### [Instructions for the task]
Keep to one stretch of the data below, the lines from the one with "Браслет Xuping цвет" up to and including the one with "Black Chunky Heels", and return that stretch exactly.

### [Dataset entries]
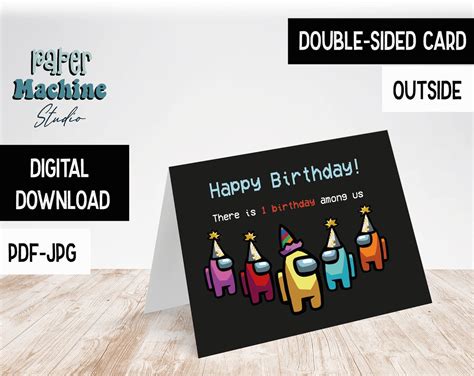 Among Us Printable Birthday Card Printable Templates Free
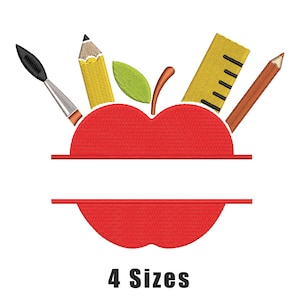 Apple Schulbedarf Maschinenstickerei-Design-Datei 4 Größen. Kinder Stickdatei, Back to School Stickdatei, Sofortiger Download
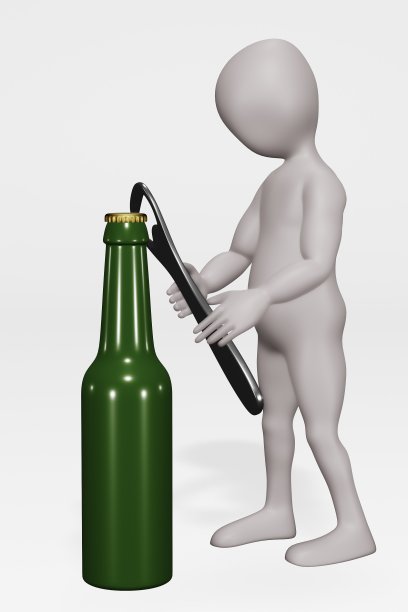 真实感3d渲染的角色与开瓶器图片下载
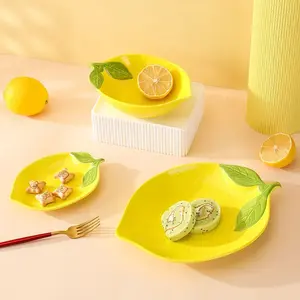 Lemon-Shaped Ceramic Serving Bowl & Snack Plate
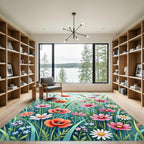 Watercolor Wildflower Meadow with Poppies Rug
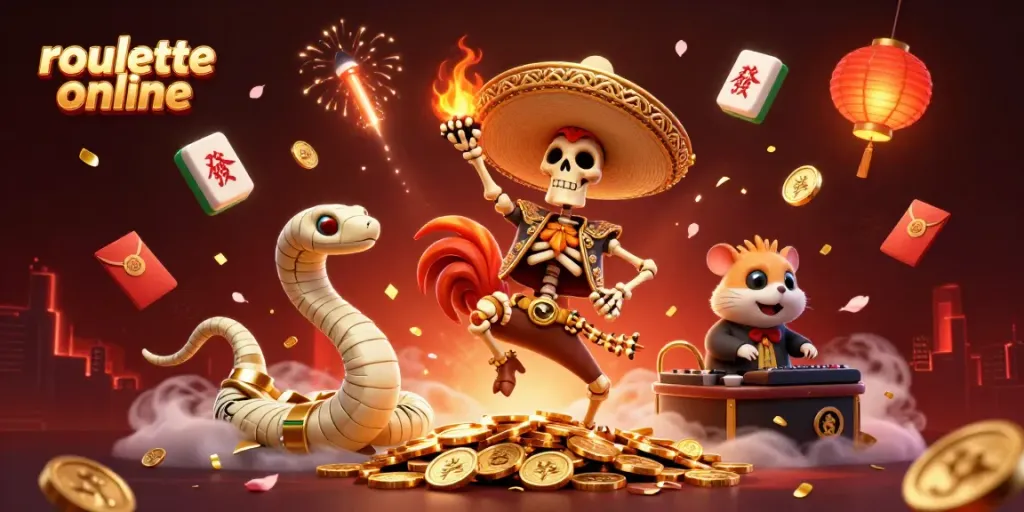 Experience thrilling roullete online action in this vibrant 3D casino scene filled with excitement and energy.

* * *

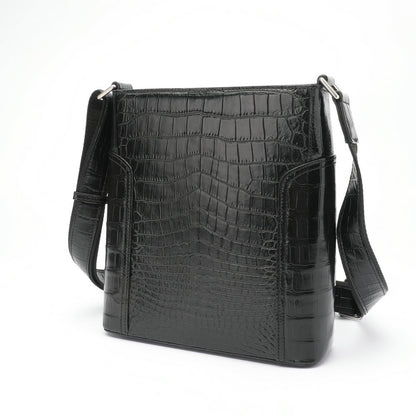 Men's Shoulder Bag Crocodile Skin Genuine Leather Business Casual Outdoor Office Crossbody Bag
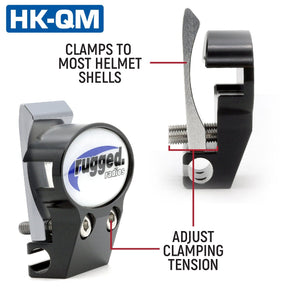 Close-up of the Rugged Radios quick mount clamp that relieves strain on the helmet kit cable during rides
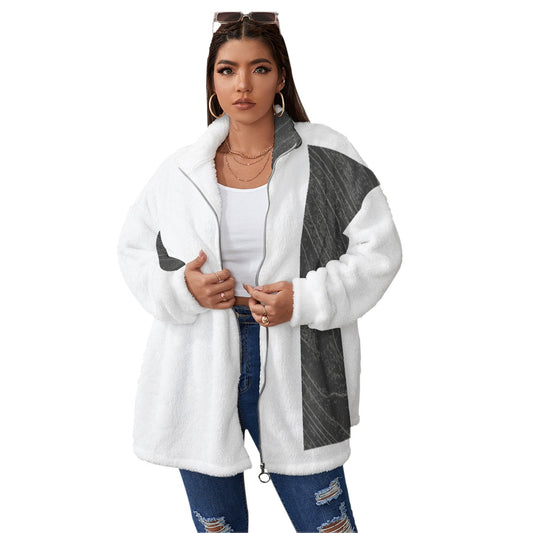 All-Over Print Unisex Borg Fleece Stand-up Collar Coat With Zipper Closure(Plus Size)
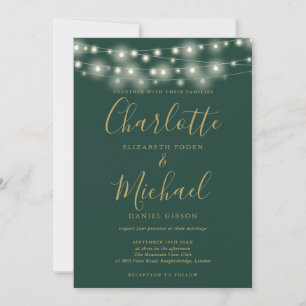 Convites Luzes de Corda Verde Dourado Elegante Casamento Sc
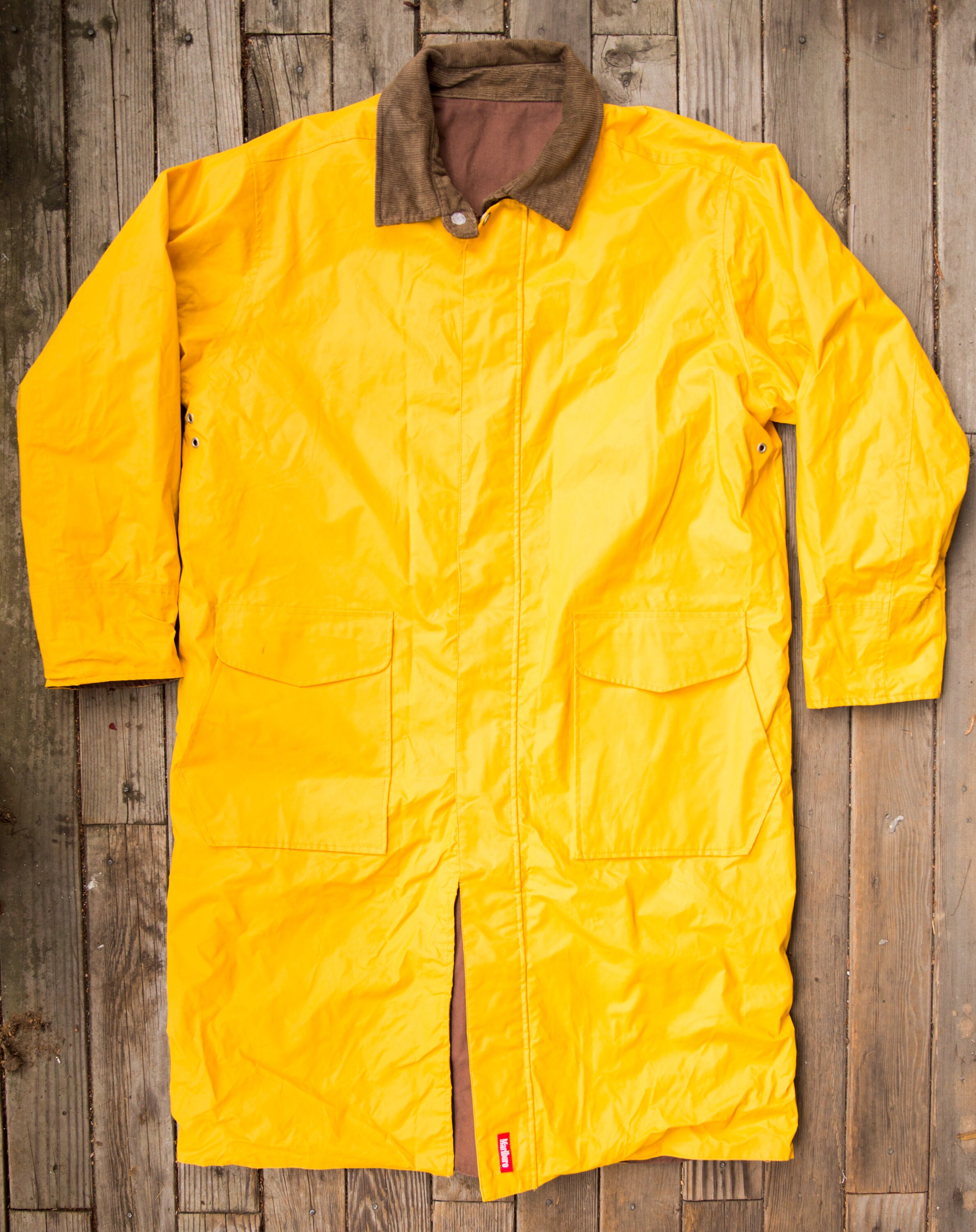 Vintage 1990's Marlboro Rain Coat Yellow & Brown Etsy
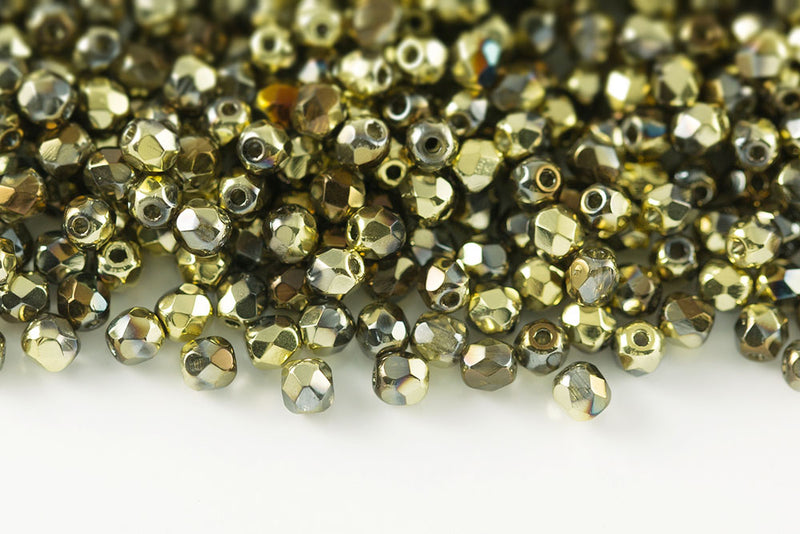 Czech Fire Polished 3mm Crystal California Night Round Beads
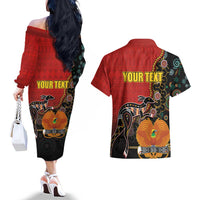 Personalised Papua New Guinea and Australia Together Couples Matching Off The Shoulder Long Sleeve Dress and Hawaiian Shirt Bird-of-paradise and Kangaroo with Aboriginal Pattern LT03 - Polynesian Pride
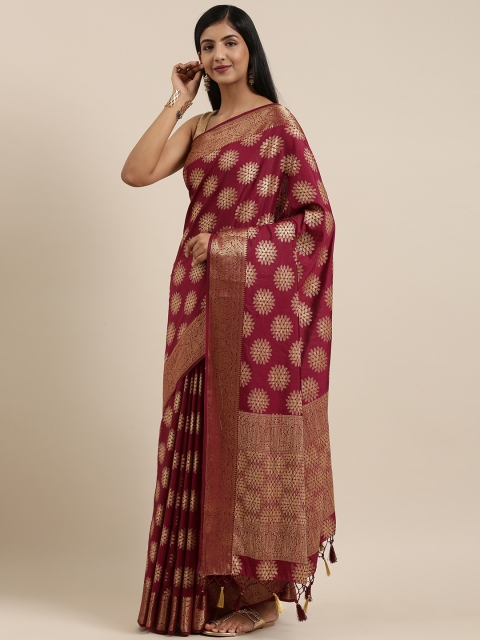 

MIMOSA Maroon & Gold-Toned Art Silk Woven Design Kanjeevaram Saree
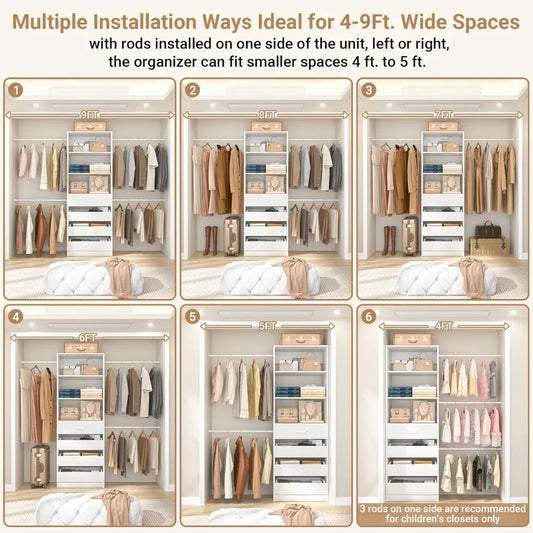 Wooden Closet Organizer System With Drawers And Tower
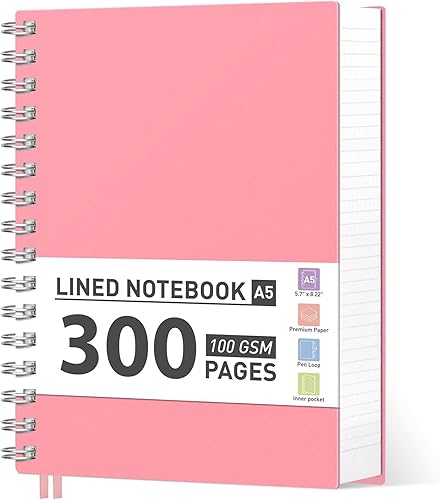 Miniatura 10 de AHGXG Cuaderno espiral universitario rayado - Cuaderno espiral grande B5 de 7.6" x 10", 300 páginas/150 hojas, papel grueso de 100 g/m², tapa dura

* * *

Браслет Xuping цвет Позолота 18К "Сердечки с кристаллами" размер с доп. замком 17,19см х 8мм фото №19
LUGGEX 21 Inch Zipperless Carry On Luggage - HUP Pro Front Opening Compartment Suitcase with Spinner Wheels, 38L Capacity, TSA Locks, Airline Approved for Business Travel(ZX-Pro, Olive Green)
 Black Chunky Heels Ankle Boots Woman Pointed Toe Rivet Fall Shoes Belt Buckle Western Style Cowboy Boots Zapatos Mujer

### [Solution to this problem]
Браслет Xuping цвет Позолота 18К "Сердечки с кристаллами" размер с доп. замком 17,19см х 8мм фото №19
LUGGEX 21 Inch Zipperless Carry On Luggage - HUP Pro Front Opening Compartment Suitcase with Spinner Wheels, 38L Capacity, TSA Locks, Airline Approved for Business Travel(ZX-Pro, Olive Green)
 Black Chunky Heels Ankle Boots Woman Pointed Toe Rivet Fall Shoes Belt Buckle Western Style Cowboy Boots Zapatos Mujer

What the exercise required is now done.